James Gall


1784 - 1874

Publisher, inventor of a system of print for the blind and a notable map projection. Gall established himself as a partner in a printing business based in Old Assembly Close in Edinburgh. His firm specialised in publishing religious texts but Gall also maintained a strong interest in education. While visiting Paris in 1825, Gall saw examples of books for the blind and decided to design a script which could be used by blind and sighted people alike. He introduced his Gall Type in 1827, which he promoted as being more condensed than the Paris script. This was based on an angular rendering of the Roman alphabet and his first book, The Gospel of St.

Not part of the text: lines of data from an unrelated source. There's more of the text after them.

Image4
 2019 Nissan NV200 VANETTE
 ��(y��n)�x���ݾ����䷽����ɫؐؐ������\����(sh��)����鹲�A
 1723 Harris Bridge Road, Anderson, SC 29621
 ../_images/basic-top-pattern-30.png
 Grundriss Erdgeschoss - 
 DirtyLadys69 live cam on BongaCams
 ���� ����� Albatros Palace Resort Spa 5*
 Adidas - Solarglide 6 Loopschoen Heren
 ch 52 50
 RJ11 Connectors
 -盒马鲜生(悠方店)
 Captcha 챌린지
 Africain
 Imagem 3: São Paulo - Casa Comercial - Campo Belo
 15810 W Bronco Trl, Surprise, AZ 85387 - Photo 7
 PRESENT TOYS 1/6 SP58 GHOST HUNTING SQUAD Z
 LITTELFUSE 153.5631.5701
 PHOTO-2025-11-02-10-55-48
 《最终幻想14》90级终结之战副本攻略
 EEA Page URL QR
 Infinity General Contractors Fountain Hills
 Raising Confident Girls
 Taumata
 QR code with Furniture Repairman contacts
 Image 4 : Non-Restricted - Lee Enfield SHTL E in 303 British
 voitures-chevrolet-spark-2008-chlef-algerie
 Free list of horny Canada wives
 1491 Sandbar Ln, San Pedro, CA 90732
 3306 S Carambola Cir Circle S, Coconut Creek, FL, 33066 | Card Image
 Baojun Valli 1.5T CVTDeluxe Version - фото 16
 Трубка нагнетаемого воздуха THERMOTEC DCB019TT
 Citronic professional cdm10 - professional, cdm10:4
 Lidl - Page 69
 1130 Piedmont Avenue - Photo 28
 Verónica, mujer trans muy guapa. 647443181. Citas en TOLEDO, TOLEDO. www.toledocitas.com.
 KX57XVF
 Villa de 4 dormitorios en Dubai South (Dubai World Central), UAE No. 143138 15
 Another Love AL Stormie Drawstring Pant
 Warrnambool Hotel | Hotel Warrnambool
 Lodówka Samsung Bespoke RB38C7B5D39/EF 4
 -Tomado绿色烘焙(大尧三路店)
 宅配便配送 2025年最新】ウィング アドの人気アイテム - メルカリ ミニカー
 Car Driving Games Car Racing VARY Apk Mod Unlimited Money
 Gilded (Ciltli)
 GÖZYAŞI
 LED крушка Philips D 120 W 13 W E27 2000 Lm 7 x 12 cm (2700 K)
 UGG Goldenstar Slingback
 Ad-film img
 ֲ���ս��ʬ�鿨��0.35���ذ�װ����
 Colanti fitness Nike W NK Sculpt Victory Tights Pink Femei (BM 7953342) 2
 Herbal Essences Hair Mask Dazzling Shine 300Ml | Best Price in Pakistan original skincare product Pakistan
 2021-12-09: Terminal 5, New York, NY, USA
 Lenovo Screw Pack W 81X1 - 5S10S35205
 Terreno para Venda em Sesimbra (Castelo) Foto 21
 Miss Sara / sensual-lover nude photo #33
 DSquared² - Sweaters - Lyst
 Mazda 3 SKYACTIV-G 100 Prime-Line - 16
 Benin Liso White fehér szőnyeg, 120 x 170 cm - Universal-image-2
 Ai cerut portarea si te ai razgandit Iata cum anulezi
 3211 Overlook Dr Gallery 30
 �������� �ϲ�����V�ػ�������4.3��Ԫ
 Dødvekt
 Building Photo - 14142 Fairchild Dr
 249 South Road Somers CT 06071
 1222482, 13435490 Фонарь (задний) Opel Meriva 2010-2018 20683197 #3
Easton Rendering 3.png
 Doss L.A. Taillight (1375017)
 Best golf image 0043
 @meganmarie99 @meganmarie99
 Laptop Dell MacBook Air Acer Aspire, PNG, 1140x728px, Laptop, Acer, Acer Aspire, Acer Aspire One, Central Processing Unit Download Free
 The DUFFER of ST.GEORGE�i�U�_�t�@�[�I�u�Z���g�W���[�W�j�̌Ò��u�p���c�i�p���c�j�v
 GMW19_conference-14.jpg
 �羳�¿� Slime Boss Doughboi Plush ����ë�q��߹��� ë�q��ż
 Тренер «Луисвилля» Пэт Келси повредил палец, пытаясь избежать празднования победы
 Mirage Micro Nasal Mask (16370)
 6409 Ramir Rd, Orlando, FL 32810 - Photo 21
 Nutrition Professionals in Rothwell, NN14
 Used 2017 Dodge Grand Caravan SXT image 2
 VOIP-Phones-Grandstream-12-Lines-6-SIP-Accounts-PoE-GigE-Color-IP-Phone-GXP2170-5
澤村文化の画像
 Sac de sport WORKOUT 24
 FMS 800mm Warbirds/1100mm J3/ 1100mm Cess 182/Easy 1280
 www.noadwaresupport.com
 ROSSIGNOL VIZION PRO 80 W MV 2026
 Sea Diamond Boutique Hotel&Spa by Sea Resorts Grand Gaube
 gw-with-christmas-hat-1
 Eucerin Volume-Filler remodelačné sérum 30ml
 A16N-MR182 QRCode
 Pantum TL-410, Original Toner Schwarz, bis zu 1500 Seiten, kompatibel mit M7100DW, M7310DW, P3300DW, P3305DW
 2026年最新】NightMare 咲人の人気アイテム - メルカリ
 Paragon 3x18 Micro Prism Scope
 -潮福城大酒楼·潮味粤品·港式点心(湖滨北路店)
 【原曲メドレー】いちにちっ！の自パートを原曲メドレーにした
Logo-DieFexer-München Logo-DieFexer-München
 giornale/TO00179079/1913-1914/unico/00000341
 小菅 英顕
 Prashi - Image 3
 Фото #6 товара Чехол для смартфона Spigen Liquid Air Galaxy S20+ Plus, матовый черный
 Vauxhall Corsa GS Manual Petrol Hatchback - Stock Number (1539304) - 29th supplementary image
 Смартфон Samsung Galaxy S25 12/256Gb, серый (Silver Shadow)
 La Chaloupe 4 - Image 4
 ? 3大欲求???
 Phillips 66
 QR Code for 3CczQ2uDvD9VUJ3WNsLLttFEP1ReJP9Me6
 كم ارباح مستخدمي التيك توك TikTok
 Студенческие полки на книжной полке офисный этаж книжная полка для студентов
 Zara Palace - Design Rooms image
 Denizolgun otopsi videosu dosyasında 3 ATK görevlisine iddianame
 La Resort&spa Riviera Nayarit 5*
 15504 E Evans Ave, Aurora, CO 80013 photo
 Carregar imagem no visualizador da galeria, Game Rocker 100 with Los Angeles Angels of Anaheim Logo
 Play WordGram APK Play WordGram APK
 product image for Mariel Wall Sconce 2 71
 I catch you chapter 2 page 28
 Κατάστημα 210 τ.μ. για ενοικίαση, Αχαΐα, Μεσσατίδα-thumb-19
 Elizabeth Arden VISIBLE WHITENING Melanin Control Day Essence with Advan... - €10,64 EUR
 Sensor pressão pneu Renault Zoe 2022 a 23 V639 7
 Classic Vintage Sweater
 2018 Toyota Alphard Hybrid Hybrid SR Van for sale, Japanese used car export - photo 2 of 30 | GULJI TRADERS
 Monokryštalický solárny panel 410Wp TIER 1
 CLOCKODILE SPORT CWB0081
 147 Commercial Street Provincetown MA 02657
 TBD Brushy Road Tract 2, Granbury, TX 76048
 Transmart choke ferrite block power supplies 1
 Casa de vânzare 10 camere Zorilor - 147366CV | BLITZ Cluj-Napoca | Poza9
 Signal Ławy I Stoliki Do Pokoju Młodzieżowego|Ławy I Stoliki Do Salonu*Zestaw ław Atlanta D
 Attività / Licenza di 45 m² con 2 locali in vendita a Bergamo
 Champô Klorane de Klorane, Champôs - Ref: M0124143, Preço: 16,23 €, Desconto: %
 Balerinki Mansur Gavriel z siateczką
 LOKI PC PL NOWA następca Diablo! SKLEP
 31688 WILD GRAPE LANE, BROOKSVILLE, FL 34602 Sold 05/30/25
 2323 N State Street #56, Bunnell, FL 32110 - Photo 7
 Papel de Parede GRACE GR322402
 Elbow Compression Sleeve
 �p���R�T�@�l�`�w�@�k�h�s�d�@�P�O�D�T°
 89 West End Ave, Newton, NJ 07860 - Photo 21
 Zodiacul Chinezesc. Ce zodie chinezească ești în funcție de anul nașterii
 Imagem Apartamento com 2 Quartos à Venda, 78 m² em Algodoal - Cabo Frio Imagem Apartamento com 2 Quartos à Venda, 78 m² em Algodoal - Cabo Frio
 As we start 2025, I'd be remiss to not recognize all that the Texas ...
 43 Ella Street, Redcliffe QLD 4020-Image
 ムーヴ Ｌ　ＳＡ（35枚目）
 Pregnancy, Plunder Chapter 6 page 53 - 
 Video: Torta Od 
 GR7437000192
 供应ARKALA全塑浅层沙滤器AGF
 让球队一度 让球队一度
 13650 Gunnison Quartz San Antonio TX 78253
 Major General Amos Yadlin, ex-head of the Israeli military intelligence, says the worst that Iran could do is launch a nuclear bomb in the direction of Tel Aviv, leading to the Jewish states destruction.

John, was published in 1834. Gall was a founder of the Edinburgh Blind Asylum and it adopted his system, as well as institutions in Glasgow and London.

In 1850, he was appointed Master of the Merchant Company, a Guild originally established to protect trade in Edinburgh but which came to have an important role in education. Gall was also a Burgess and lived at Myrtle Bank in the Trinity district of the city.

Gall's son, also James Gall (1808-95), left the publishing business to pursue a religious calling but was also to define a notable series of map projections. One of these projections was re-invented by German Arno Peters in 1967. The Gall-Peters projection is promoted by UNESCO as it reduces the distortion within typical map projections that promotes the developed world at the expense of equatorial countries. Gall's business was continued by his son-in-law Robert Inglis, who had joined the firm in 1847.